Chie Hayakawa, diretora de ‘Plano 75’, diz que seu país está cada vez mais intolerante com os cidadãos frágeis: velhos, deficientes e pessoas em situação de vulnerabilidade social
Por Mariza Tavares
Um programa governamental encoraja os cidadãos a partir dos 75 anos a se submeter à eutanásia. É dessa forma que a diretora Chie Hayakawa apresenta um Japão distópico no filme “Plan 75” (“Plano 75”). “Não se trata de algo tão impossível”, afirmou em entrevista ao jornal “The Guardian”. A obra, que já foi apresentada em mostras de cinema e recebeu um prêmio no Festival de Cannes em 2022, entrou em cartaz no Reino Unido, mas não tem data de estreia no Brasil.
O Japão tem perto de 30% da população composta por idosos e é o país que envelhece mais rapidamente no mundo. A expectativa de vida dos 126 milhões de japoneses é de 85 anos, sendo que, para as mulheres, chega a 87.7 anos (a do homens está em 81). E também vem encolhendo: a taxa de natalidade é de 1.3 filho por casal, abaixo dos 2.1 necessários para manter a população estável. Na ficção, tal cenário leva a uma crise social e econômica que o governo pretende resolver através do extermínio consentido dos velhos.

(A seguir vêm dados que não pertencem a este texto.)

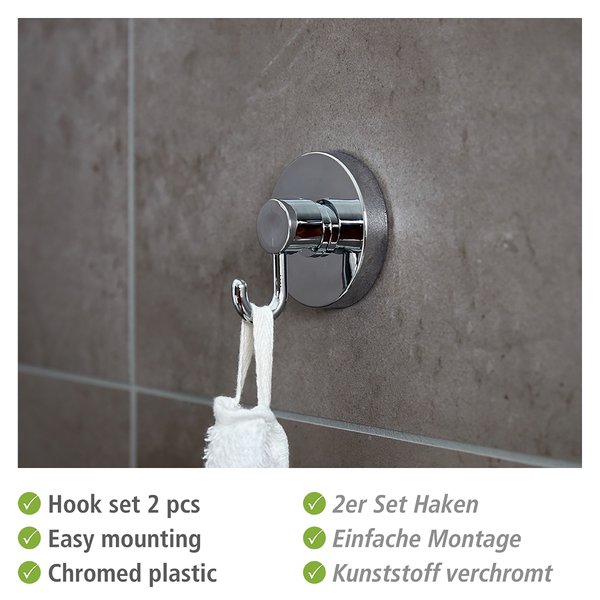 Vacuum-Loc Haken Glostrup (2er-Set) - ABS - Silber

Apesar de incensado como uma nação que respeita os idosos, a realidade não tem sido tão acolhedora. Recentemente, o primeiro-ministro, Fumio Kishida, afirmou que o envelhecimento da população representa um risco para a sociedade. No filme, os “candidatos” se preocupam em ser um fardo e recebem um bônus para pequenas auto-indulgências no fim da vida, antes de serem submetidos à eutanásia.
A diretora optou por um estilo de documentário: a trama começa com a notícia de um atirador que abriu fogo contra idosos numa instituição de longa de permanência. Na sua opinião, o Japão vem se tornando um país cada vez mais intolerante com seus cidadãos mais frágeis: os velhos, os deficientes, as pessoas em situação de vulnerabilidade social. Ela diz que a “banalidade do mal”, expressão cunhada pela filósofa Hannah Arendt para descrever a política de extermínio nazista, foi uma de suas inspirações: “a burocracia se encarrega de desumanizar tudo”.